Baby Driver, a heist movie set to an epic soundtrack, has a rare 100% critic score on Rotten Tomatoes, and could become a breakout hit when released in the US on June 28. Atomic Blonde, starring Charlize Theron as an MI6 spy, is thought to become a cult classic when it debuts in July. Christopher Nolan’s hotly anticipated and beautifully shot World War II film Dunkirk could also make splash in theaters.
Valerian and the City of a Thousand Planets is more of a gamble. A return to the science-fiction genre for director Luc Besson (The Fifth Element), the visually stunning movie is the most expensive French film ever made. It was produced entirely outside of Hollywood, with funding from French independent studio EuropaCorp and China’s Fundamental Films.
“A film like Valerian and the City of a Thousand Planets is an example of something that hasn’t depended on the studio system to be creative,” says Bruce Nash, founder and publisher of movie-date site The Numbers. “It looks as though it could be really cool. …Or it could just be a bad movie.”
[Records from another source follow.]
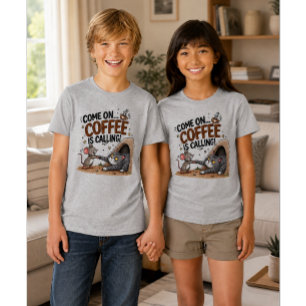 KOMM SCHON… DER KAFFEE RUFT! Kinder-Kaffee-Shirt Tri-Blend Shirt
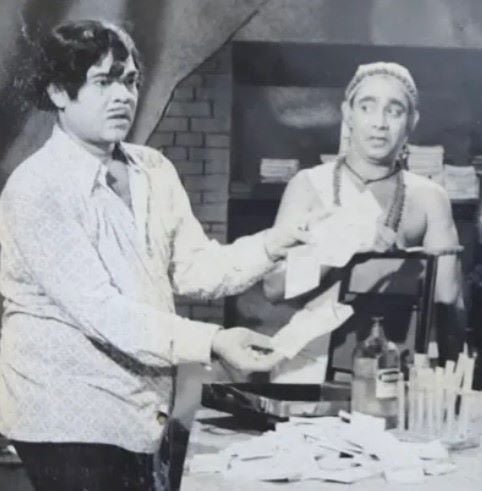 Adoor Bhasi with Bahadur in a scene from the film Rahasiya Rathri
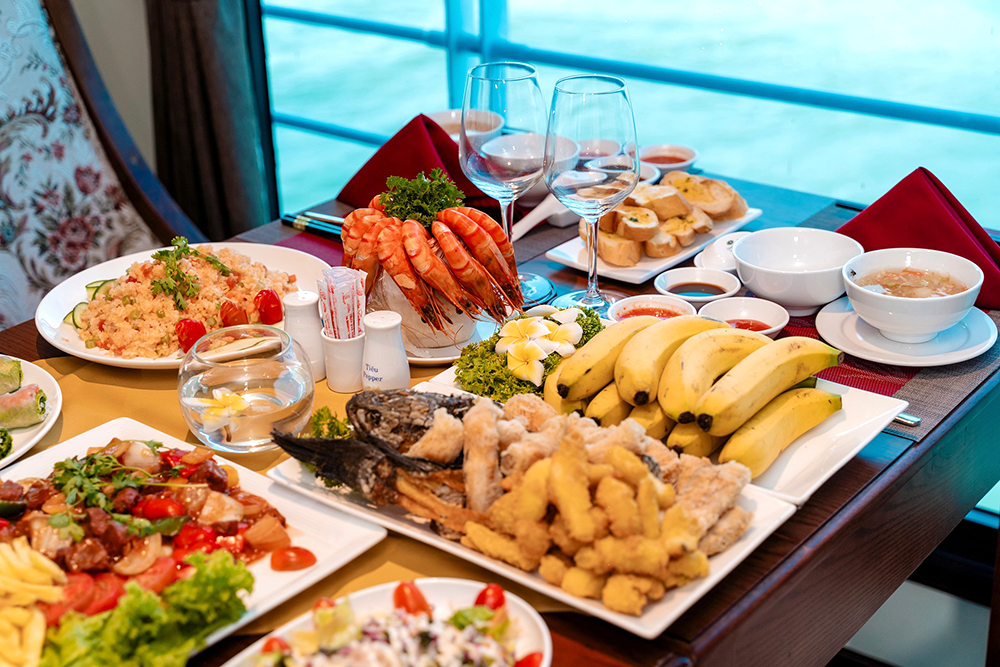 Tour Du Thuyền 'đáng tiền' nhất tại Nha Trang! Tiêu chuẩn hay cao cấp???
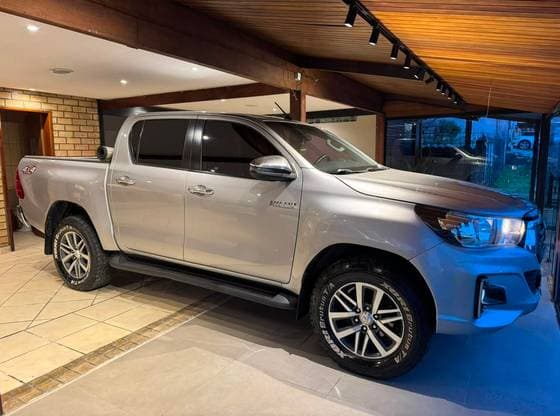 Carro 2.8 SRV 4X4 CD 16V DIESEL 4P AUTOMÁTICO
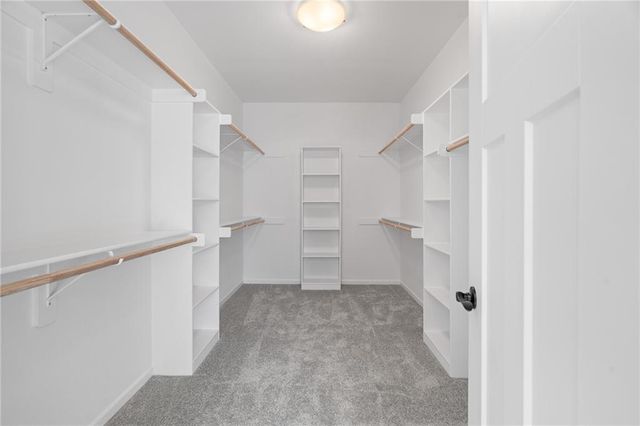 10205 N Winchester Avenue, Kansas City, MO 64156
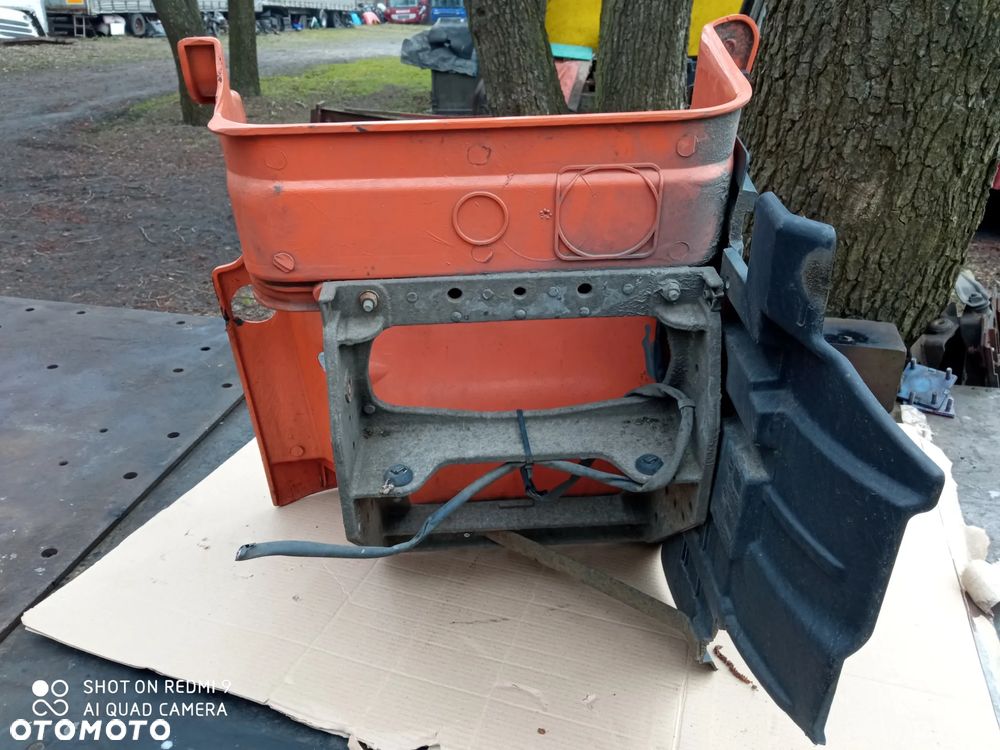 stopień prawy RENAULT premium DXI - 1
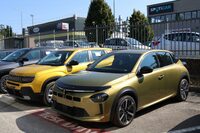 マイルドハイブリッド仕様は、前部に空いた4つの穴が外観上の特徴。美しいと見るかどうかは、人によるだろう。左隣には同じプラットフォーム「CMP」を用いる「ジープ・アベンジャー」が。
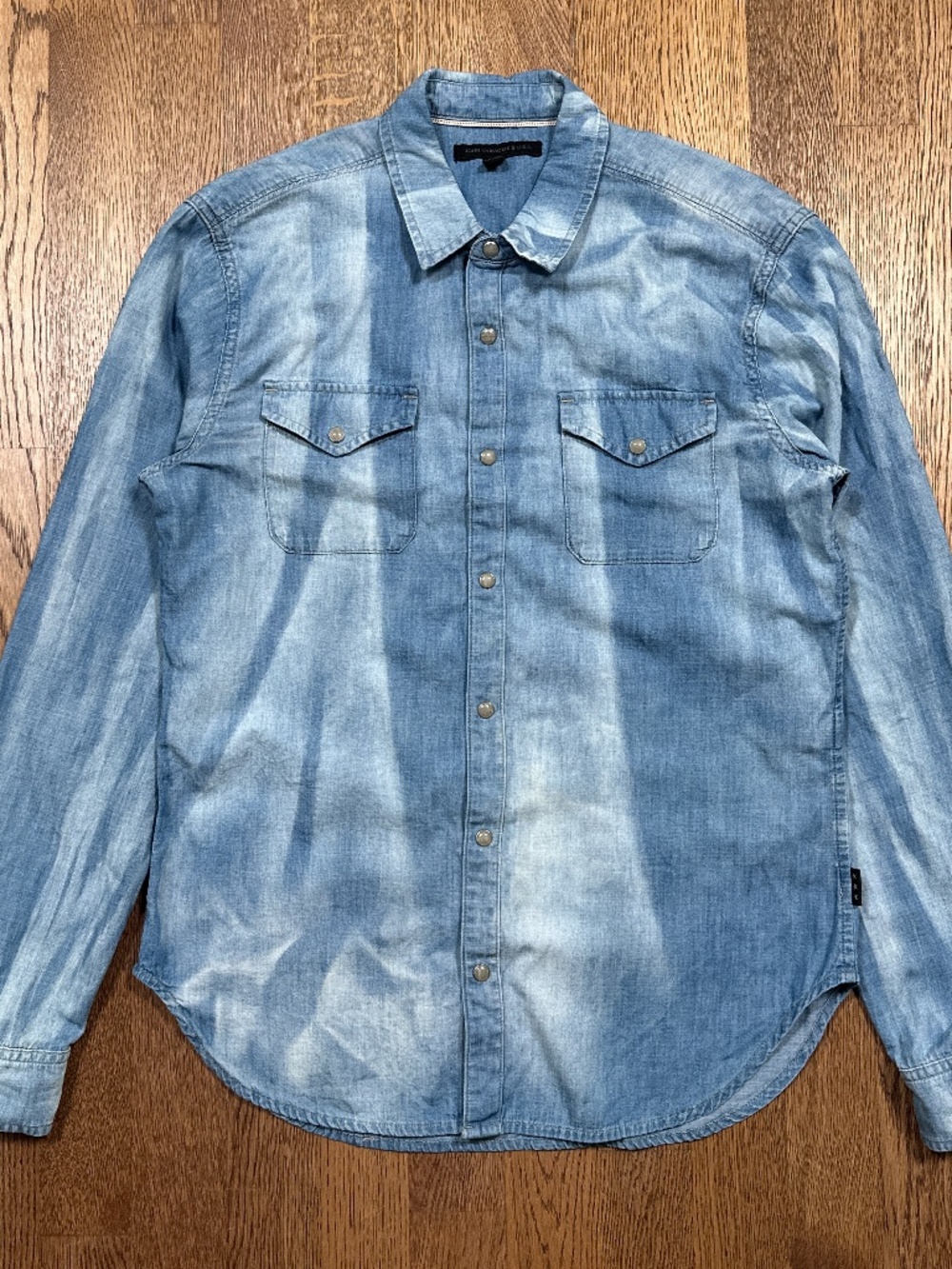 John Varvatos Sun Faded Lightweight Blue Pearl Snap L/S Button Shirt Mens Small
If audiences turn out for Valerian and these other titles, it could signal to the movie industry that there are rich creative opportunities beyond Hollywood, which currently dominates the global theatrical market. If we’re lucky, that signal will lead to more titles outside of the formulaic franchises we’re used to.
“Isn’t that the funny thing?” says Bock. “We’re hoping not [for] sequels that used to be the safety nets… [but] that these original properties are the things that are going save summer. That’s vastly different than what we used to be talking about.”